HOW TO COMPLETE THIS TASK: State how many lines of the entries hold the string "white". Reply with the number alone.

(DATASET EXCERPTS Opens)

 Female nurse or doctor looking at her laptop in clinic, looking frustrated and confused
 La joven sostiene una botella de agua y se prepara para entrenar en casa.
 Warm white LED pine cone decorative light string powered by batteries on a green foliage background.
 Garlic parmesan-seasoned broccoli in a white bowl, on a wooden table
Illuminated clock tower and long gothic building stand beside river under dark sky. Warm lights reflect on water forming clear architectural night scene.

(DATASET EXCERPTS Closes)

EXERCISE RESULT: 2